Like the one involving a tabby cat.
Rhule and offensive line coach Allen Mogridge went for a home visit to see offensive lineman Leon Johnson out of Plainfield, N.J. Former coach Steve Addazio had not recruited Johnson, so Rhule was putting on the full-court Temple press.
Rhule and Mogridge sat in one room with Johnson and his uncle. Johnson's mother sat in the next room, watching "Jeopardy!" refusing to come out. Johnson kept calling, "Ma, are you coming in?"
Ma: "I'm watching Jeopardy!"
As the four men sat talking, a tabby cat walked into the room.
"Finally, the mom came out to meet us," Rhule said. "She told me, 'I don’t come to to meet any coaches, unless the cat comes out to meet the coaches. Cats know people better than I know people."
So did a handful of other players who were not recruited by Addazio. That list includes running back Zaire Williams, previously committed to West Virginia; defensive lineman Brian Carter, defensive back Todd Jeter, and defensive lineman Julian Taylor. Rhule was able to keep commits from three-star linebacker Buddy Brown, who had offers from Penn State and Pitt; three-star linebacker Jarred Alwan; and from Averee Robinson -- Rhule recruited his brother, Adrian to Temple.

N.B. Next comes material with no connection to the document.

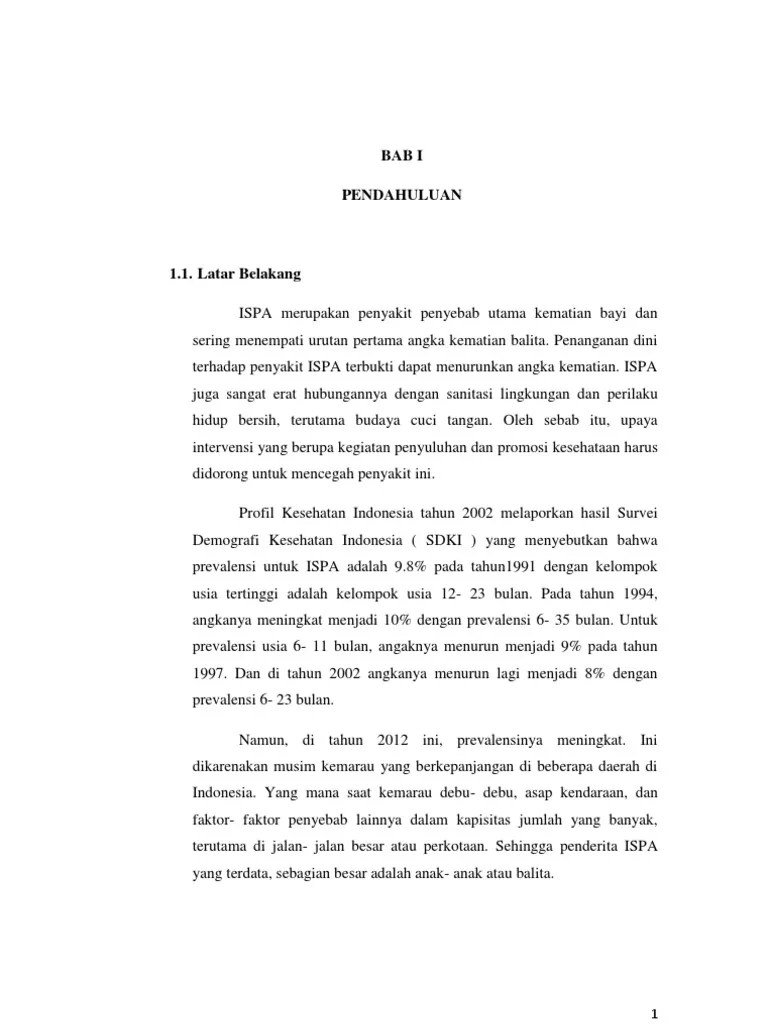 Asuhan Keperawatan Pasien Dengan ISPA | PDF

"I felt really strongly I could go into my old recruiting area and talk to the coaches I knew, secretaries I knew, and they would all say, 'Matt how ya doing?' Rhule said. "Under Al (Golden) and under Steve, I spent so many years recruiting Pennsylvania and built what I call a book of business, that when people say 'when Matt comes in here, he’s going to deal with you straight, and treat the guys the right way.'"
Now he will have much more time to assemble his next recruiting class, something he already is working on. All those connections will help.
"If you want to play big-time college football, you can do it in Philadelphia," he said. "You can set yourself up professionally and football-wise. We had Bernard Pierce -- he came to Temple, he stayed really close to home to his mother and his family, and here he is a year a later playing in the Super Bowl. Rod Streater went to junior college out of South Jersey and he came to Temple and he was trained on how to be a professional football player, and here he is starting for Oakland Raiders.
"People see you can come to Temple and play great football, get a great education, and go chase your dreams at the next level. I’m really excited what we can do here in the future."